COQUILLE -- Developers and oyster lovers will duel on Wednesday in the long-running war over a proposed natural gas plant on the North Spit.
The question at hand: Will native Olympia oysters be harmed by the construction of a 2.4 mile stretch of pipeline through Haynes Inlet?
Pacific Connector, the pipeline builder, will argue that it can move oysters out of harm's way during dredging and construction in the inlet.
Citizens Against LNG, led by Jody McCaffree, will argue that the company will kill an estimated 1.4 million oysters and disturb the shellfish's wider habitat.
Both sides will present their case to Andrew Stamp, a hearings officer appointed by the county, in a public meeting at 4 p.m. in the Owen Building Large Conference Room.
Members of the public are allowed to speak if they register before the beginning of the hearing. Speakers may only talk about the fate of the Olympia oyster.
After the meeting, Stamp will make a recommendation to the Coos County commissioners. The board is then scheduled to decide in November whether the project can go through as planned, Pacific Connector should do more to protect the oysters, or the entire project should be scuttled.
Commissioner Bob Main called Stamp 'one of the top land-use attorneys in the state" and said the commissioners chose him for his track record of conducting hearings that satisfied all parties.
Wednesday's hearing comes a year after the commissioners originally approved a land-use permit for construction of the 50-mile pipeline.
Citizens Against LNG appealed the decision to the state Land Use Board of Appeals. That board found two issues the commissioners needed to address: Whether the pipeline would harm Olympia oysters and whether the commissioners had consent from all affected property owners.
Jill Rolfe, administrative planner in the Coos County Planning Department, said the consent issue was about wording and was largely resolved.
Pacific Connector delayed the hearing about the oysters twice to collect more evidence. The company is billed for the cost of the hearing and has been billed about $18,000 to date.

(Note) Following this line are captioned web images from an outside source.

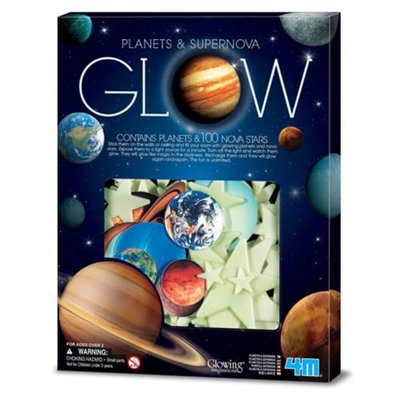 Great Gizmos Glow Planets & Supernova100PcBrand New And Sealed from B&Q
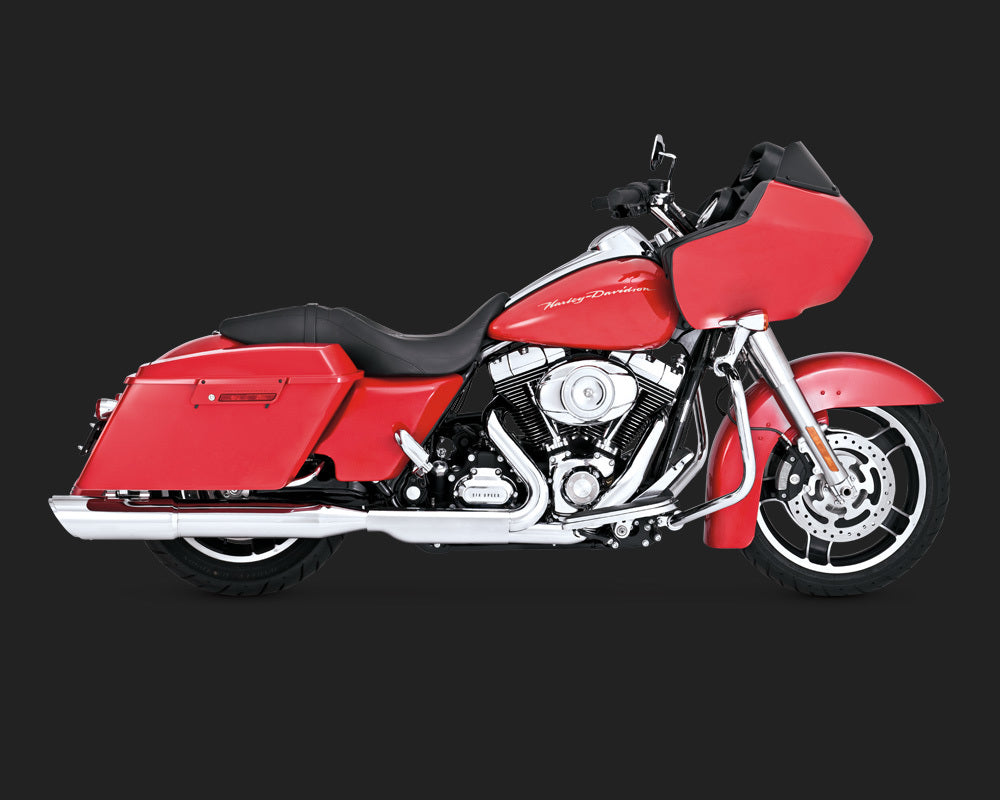 Vance & Hines V16777 Twin Slash 2-1 Slip-On Mufflers Chrome for Touring FLHX 2010 - CC1I [INTERNAL]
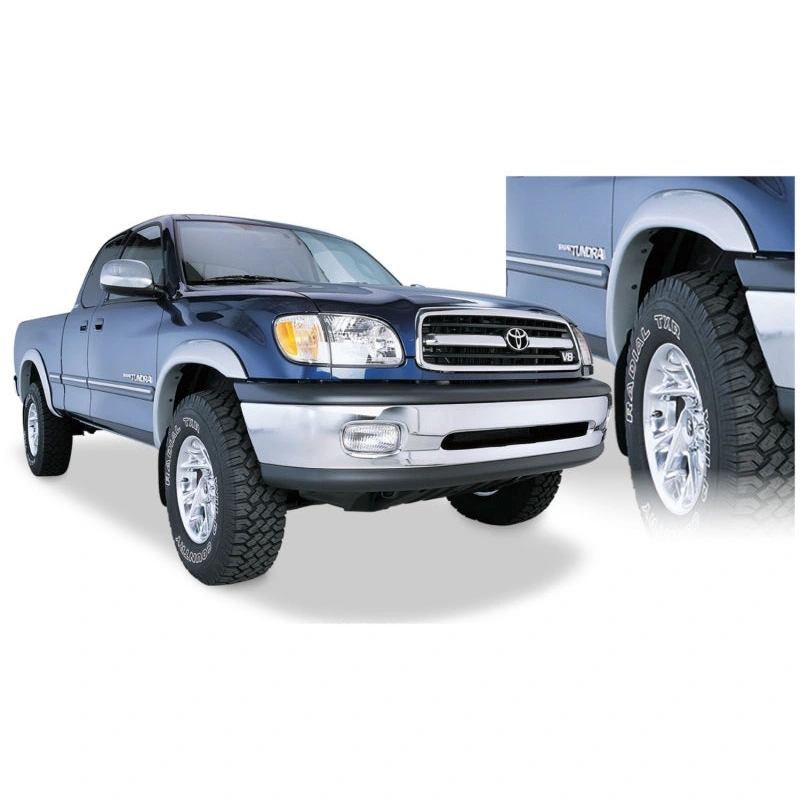 Bushwacker 03-06 Toyota Tundra Standard Cab Fleetside Extend-A-Fender Style Flares 4pc – Black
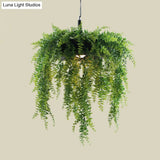 Loft Style Metal Pendant Lighting With Donut Design | 1-Bulb Hanging Ceiling Light For Balcony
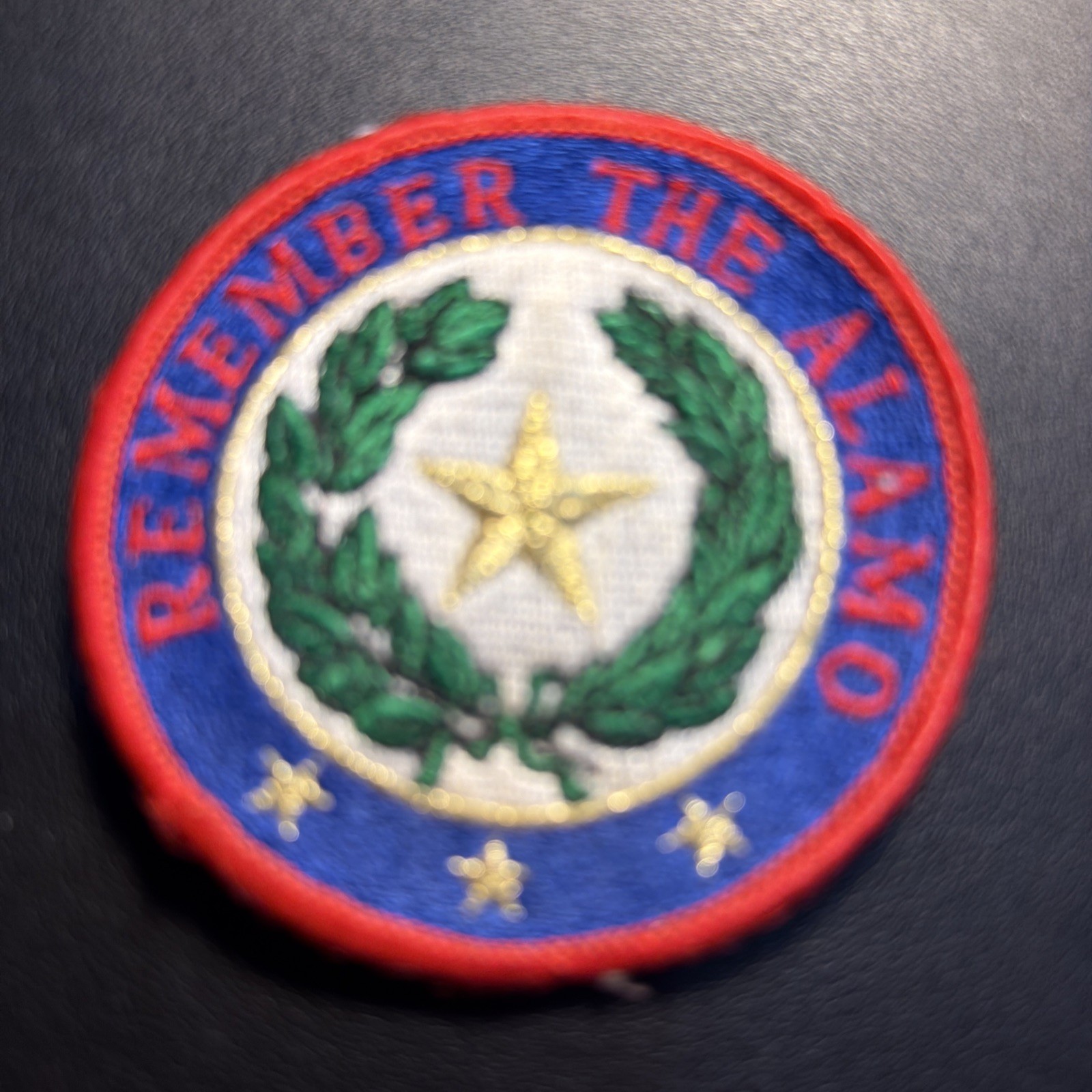 Vintage Remember The Alamo Embroidered Patch Texas Souvenir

The pipeline is an essential component of plans to build a liquefied natural gas terminal at Jordan Cove on the North Spit. The plant has been mired in controversy since it was first proposed over five years ago.
Olympia oysters, the Pacific Northwest's only native oyster variety, once were abundant but have declined in number. Oregon's commercial oyster producers rely on the larger Pacific oysters.